What the task asks.
Below are records with pictures. Transcribe exactly, and only, the lines from the line with "Initial Swirl Address" to the line with "Power Braun Barbermaskine", both ends included, but not the pictures.

The records.
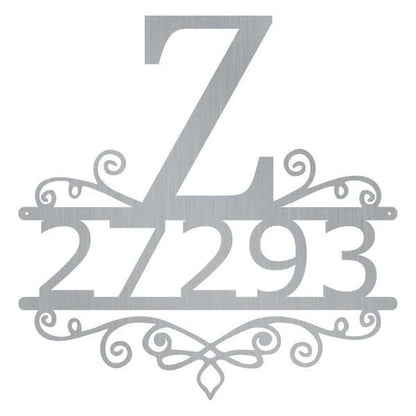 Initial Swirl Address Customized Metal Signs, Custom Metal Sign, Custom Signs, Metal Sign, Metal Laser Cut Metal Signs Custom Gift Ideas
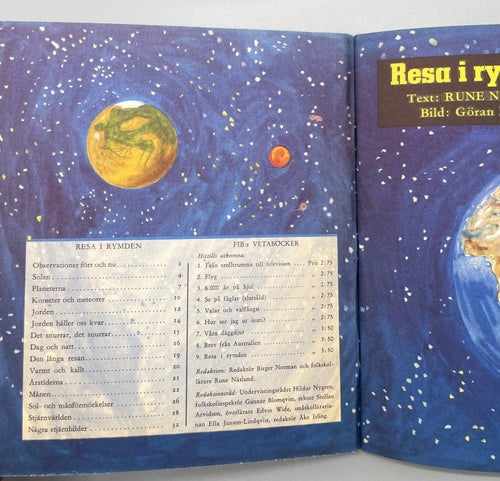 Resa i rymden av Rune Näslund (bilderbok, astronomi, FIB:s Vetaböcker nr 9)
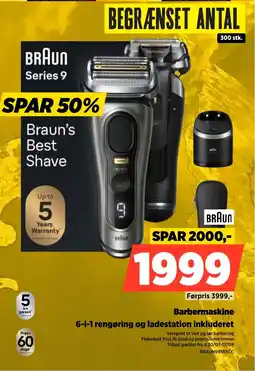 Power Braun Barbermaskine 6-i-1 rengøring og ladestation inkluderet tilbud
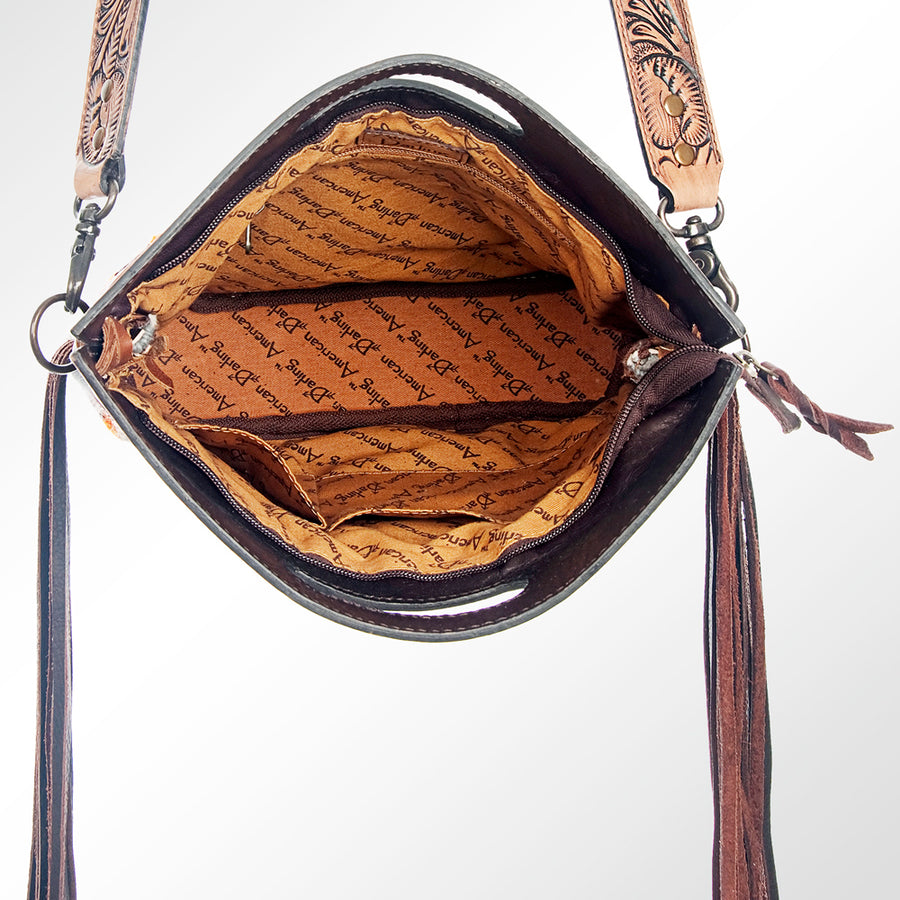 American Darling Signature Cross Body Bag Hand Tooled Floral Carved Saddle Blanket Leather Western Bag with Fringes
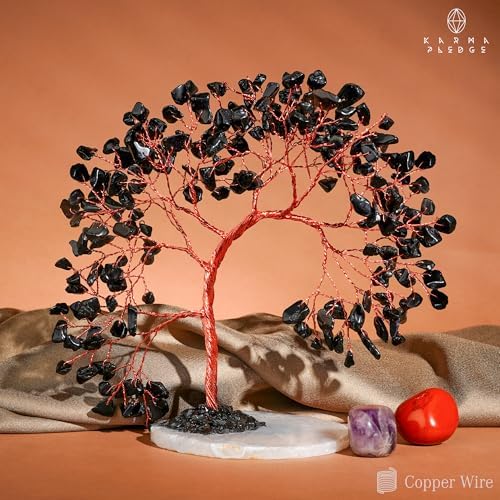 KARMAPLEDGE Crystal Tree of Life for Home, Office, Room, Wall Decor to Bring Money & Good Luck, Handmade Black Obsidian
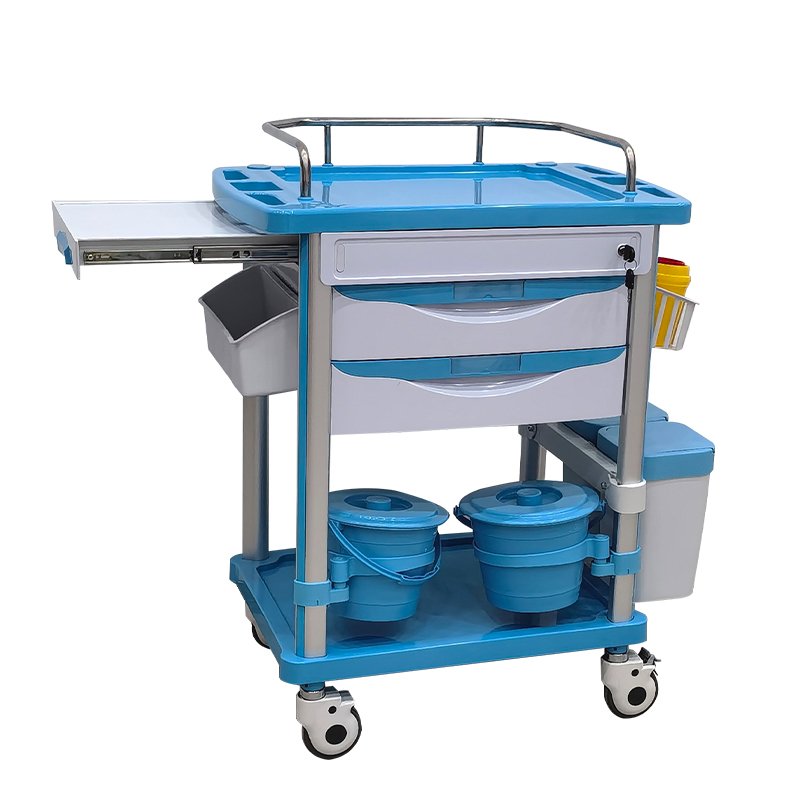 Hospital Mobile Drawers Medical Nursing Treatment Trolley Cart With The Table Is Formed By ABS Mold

---

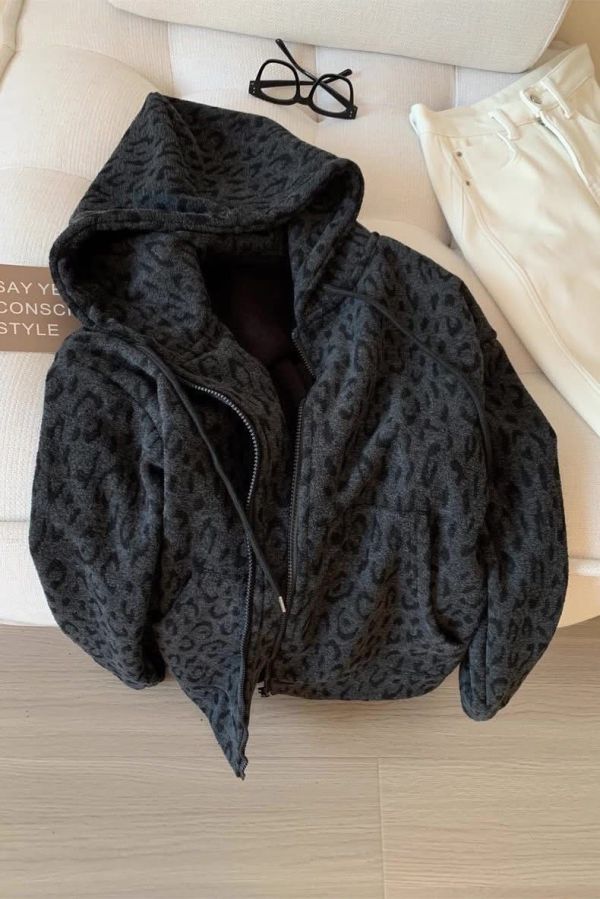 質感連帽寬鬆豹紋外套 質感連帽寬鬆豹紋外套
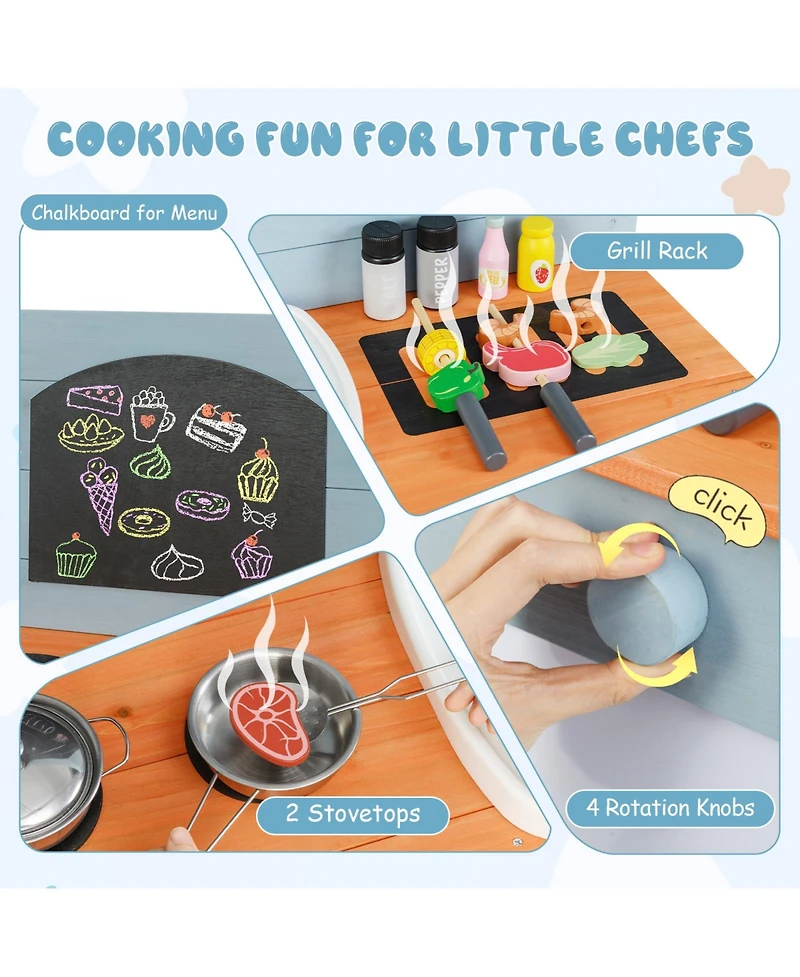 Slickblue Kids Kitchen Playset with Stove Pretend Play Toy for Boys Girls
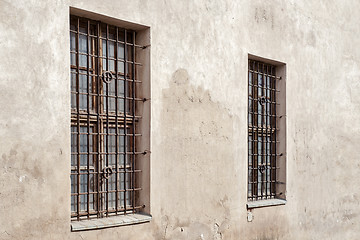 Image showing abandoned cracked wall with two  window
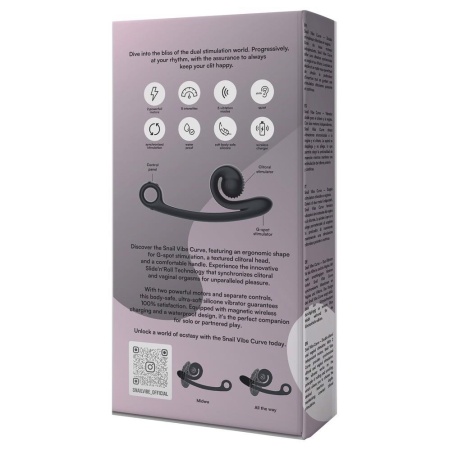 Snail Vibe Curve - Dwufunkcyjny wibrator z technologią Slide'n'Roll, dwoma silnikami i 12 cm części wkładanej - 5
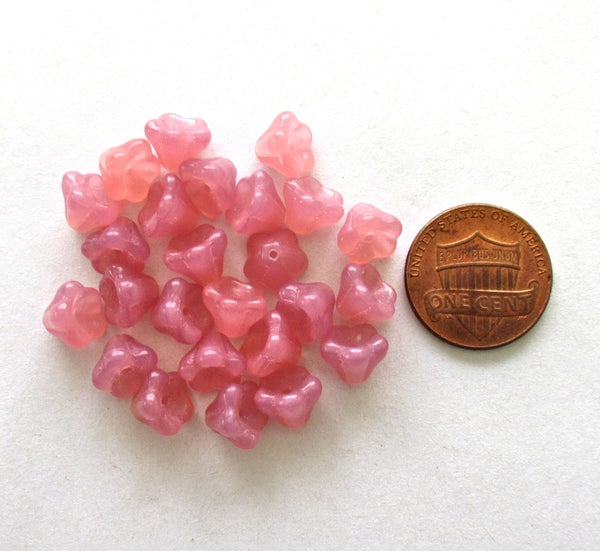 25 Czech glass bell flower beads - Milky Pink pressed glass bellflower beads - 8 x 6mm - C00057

---

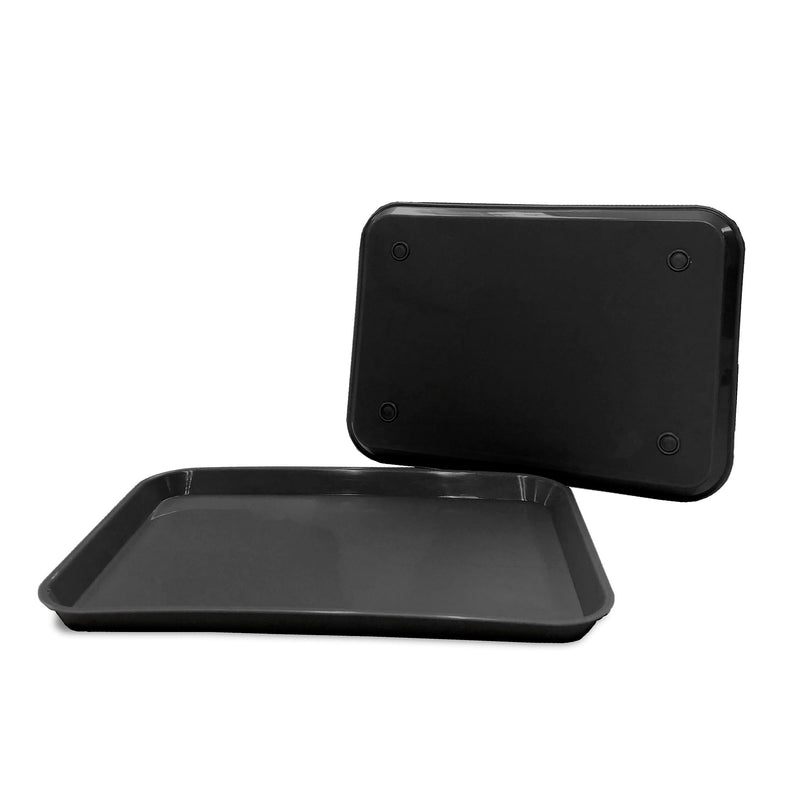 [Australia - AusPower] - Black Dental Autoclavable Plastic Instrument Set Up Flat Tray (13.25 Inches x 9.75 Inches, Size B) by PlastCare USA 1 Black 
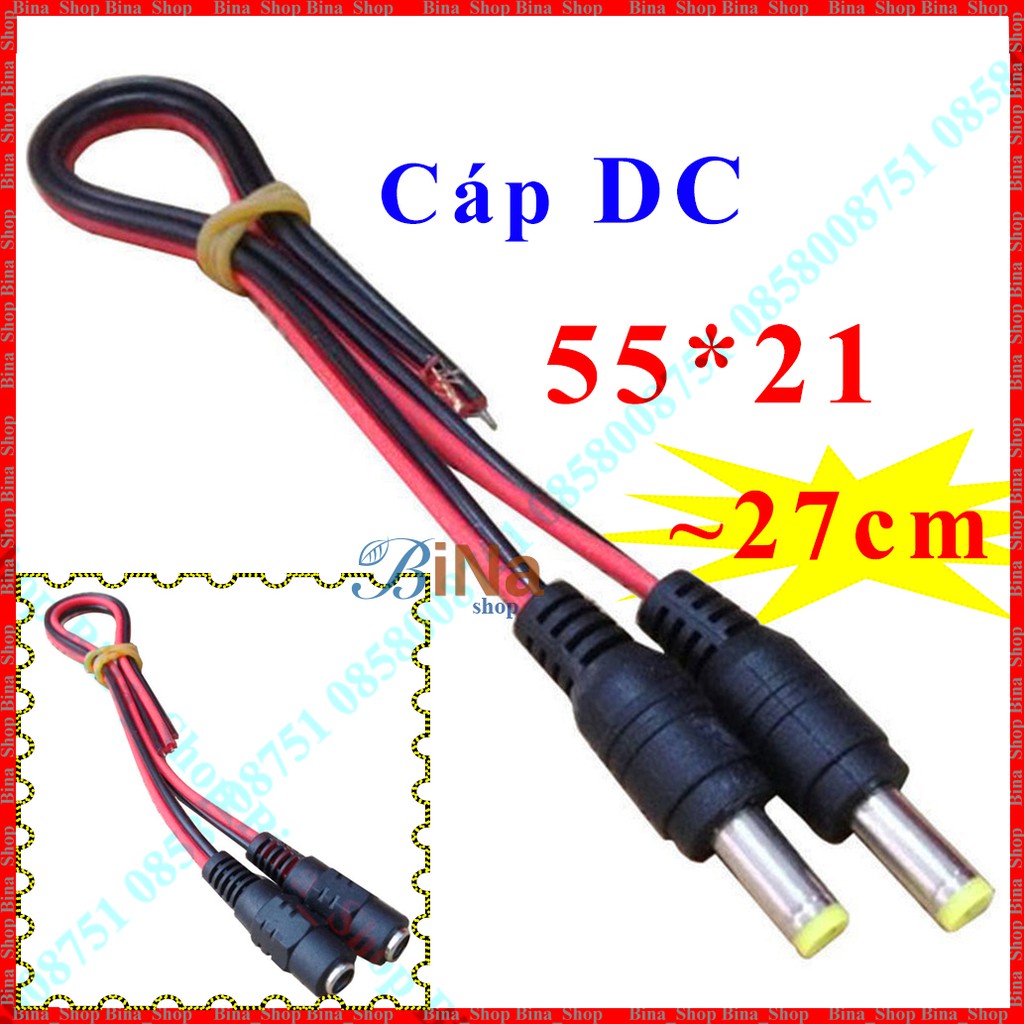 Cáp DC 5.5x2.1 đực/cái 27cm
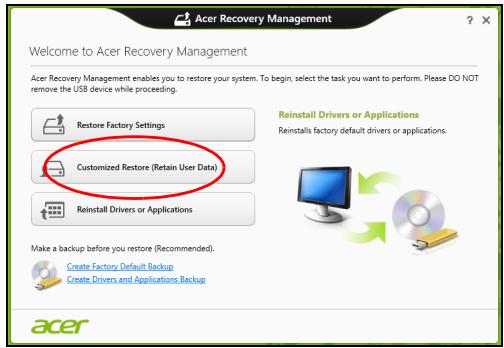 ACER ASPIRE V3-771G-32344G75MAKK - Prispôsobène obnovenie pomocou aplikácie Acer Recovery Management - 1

Task result.
 Initial Swirl Address Customized Metal Signs, Custom Metal Sign, Custom Signs, Metal Sign, Metal Laser Cut Metal Signs Custom Gift Ideas
 Resa i rymden av Rune Näslund (bilderbok, astronomi, FIB:s Vetaböcker nr 9)
 Power Braun Barbermaskine 6-i-1 rengøring og ladestation inkluderet tilbud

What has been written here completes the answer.